The BC Guide Outfitting industry that harvest wildlife for profit, and their foreign trophy hunting clients have become the subject of much controversy amongst the resident hunting community throughout BC, and the BC Wildlife Federation. At the heart of the issue is the Guide Outfitters Association of BC (GOABC) lobbying Minister of FLNRO Steve Thomson and Premier Christy Clark to remove more wildlife harvest allocations from 100,000 resident hunter to 210 Guide Outfitters throughout BC. Ultimately the GOABC is asking that Government hand over substantially more BC resident wildlife allocations to Guide Outfitters.

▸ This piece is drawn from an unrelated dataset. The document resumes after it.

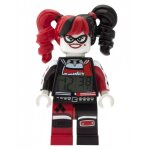 Réveil lego the batman movie - harley quinn Réveil lego the batman movie - harley quinn
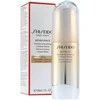 Shiseido Benefiance Wrinkle Smoothing Contour Serum Skin Serum, 30 ml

What does this mean for resident hunters? Much less opportunity to fill your freezers with organic meat, increased odds on Limited Entry, and less opportunity for resident hunters to hunt overall. This in an effort by the GOABC to prop up commercial trophy hunting primarily for foreigners, at the expense of BC residents.

Other North American jurisdictions allow commercial hunting interests 10% or less of allocated species. Here in BC Guide Outfitters have successfully lobbied the Minister to allocate (give them) up to 40% of allocated wildlife species.

Independent Guide Outfitters and the GOABC have argued the economic benefits of the trophy hunting business. However, recent economic reports reveal that resident hunters contribute far more to the BC economy through the many businesses supporting their outdoor recreation, hunting for food, and wildlife conservation. With these findings it makes no sense economically, and in the interest of wildlife to shift hunting allocations away from resident hunters to that of foreign trophy hunters.

Resident hunting spans generations having a strong heritage, traditional, social and cultural foundation. Family and friendship bonds are fostered and nurtured through our revered hunting opportunities, and many cherished memories created lasting lifetimes.

We fear that the minister of FLNRO and the Premier may not recognize or fail to better entrench these very important family values of BC residents, and cater to the GOABC and their trophy hunting for profit business agenda. By coincidence, the GOABC and a number of Guide Outfitters contributed to the liberal party in the last provincial election.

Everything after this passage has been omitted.